======== Records to use ========

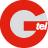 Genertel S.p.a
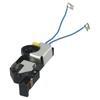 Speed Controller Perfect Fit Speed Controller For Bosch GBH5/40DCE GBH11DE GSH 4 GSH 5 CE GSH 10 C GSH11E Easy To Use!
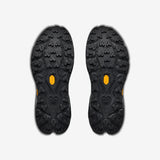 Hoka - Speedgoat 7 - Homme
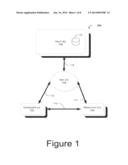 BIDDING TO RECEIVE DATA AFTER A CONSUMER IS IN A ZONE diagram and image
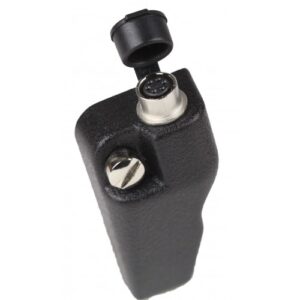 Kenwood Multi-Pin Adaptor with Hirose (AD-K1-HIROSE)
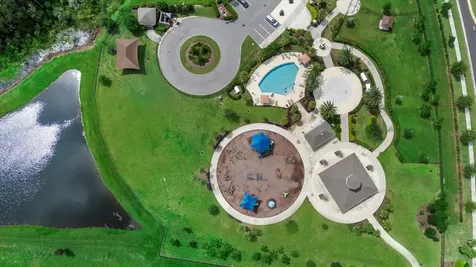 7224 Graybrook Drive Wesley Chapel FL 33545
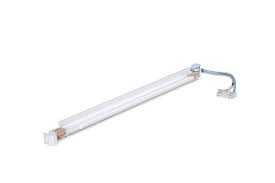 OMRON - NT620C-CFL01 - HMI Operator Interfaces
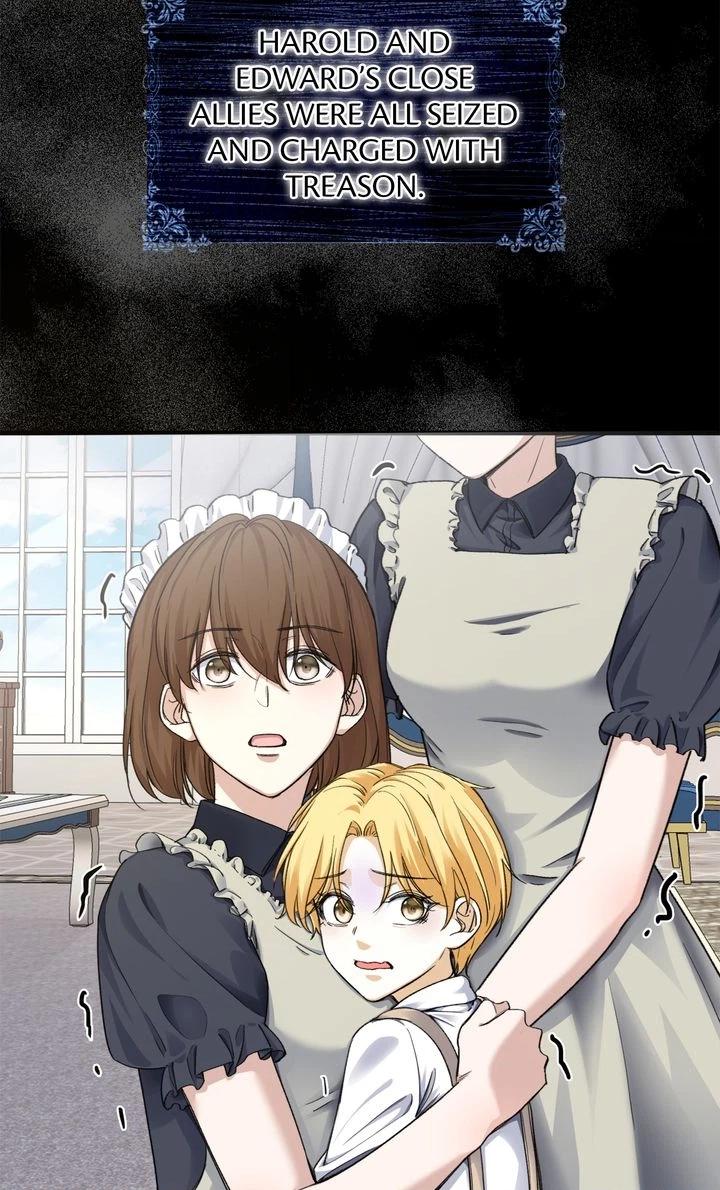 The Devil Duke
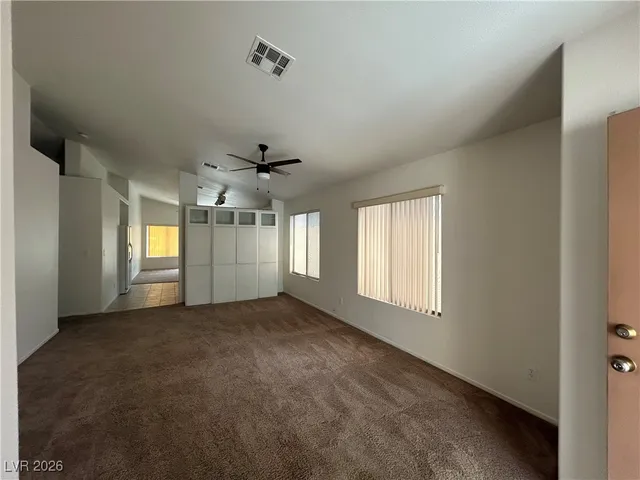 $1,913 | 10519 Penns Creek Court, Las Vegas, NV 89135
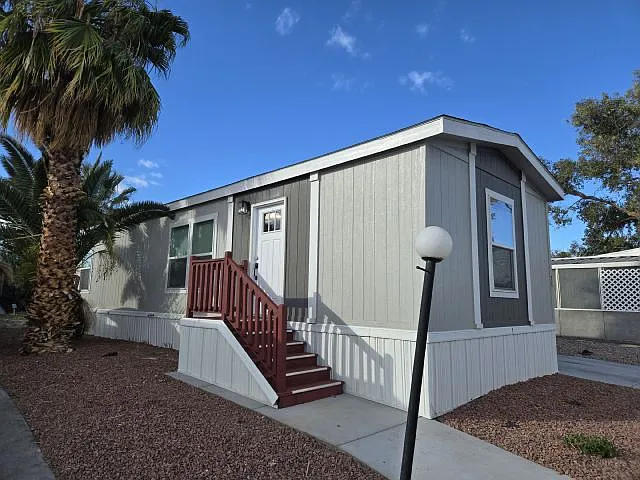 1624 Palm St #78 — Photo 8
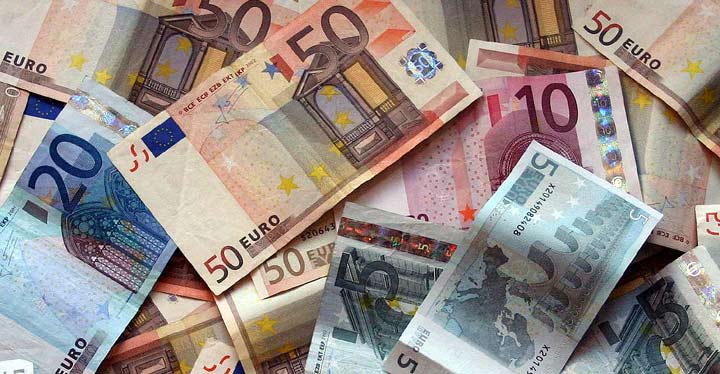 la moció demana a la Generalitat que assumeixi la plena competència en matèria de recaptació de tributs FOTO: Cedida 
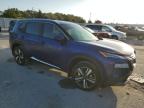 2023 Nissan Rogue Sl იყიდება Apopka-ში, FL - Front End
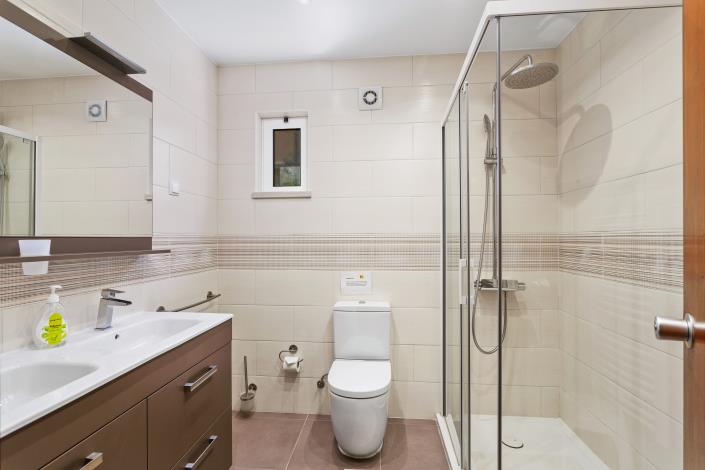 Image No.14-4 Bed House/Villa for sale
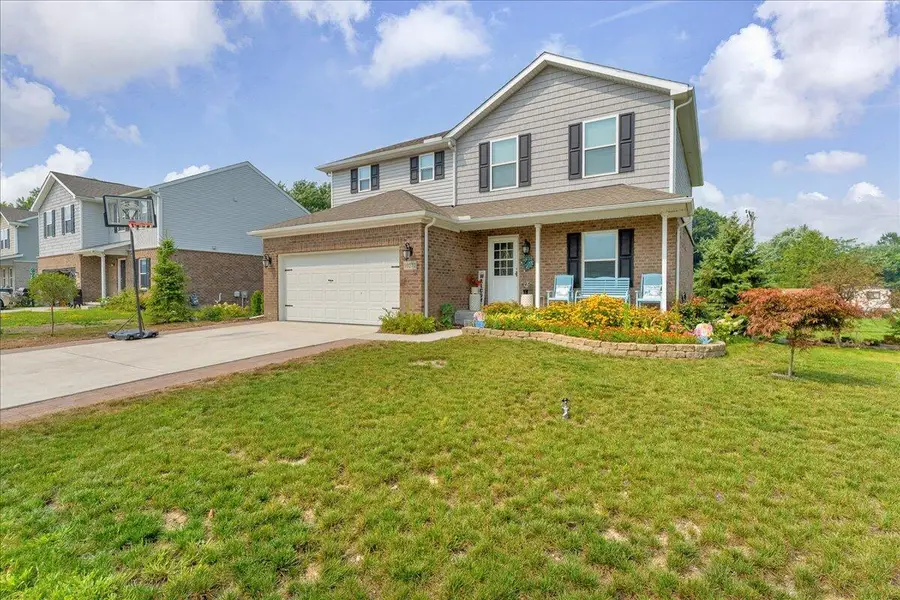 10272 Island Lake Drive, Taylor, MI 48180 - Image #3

========

Task brief:
After locating the line that holds "Kenwood Multi-Pin Adaptor", output exactly the lines from it through the last line of the material above, inclusive, without pictures.

Answer:
 Kenwood Multi-Pin Adaptor with Hirose (AD-K1-HIROSE)
 7224 Graybrook Drive Wesley Chapel FL 33545
 OMRON - NT620C-CFL01 - HMI Operator Interfaces
 The Devil Duke
 $1,913 | 10519 Penns Creek Court, Las Vegas, NV 89135
 1624 Palm St #78 — Photo 8
 la moció demana a la Generalitat que assumeixi la plena competència en matèria de recaptació de tributs FOTO: Cedida 
 2023 Nissan Rogue Sl იყიდება Apopka-ში, FL - Front End
 Image No.14-4 Bed House/Villa for sale
 10272 Island Lake Drive, Taylor, MI 48180 - Image #3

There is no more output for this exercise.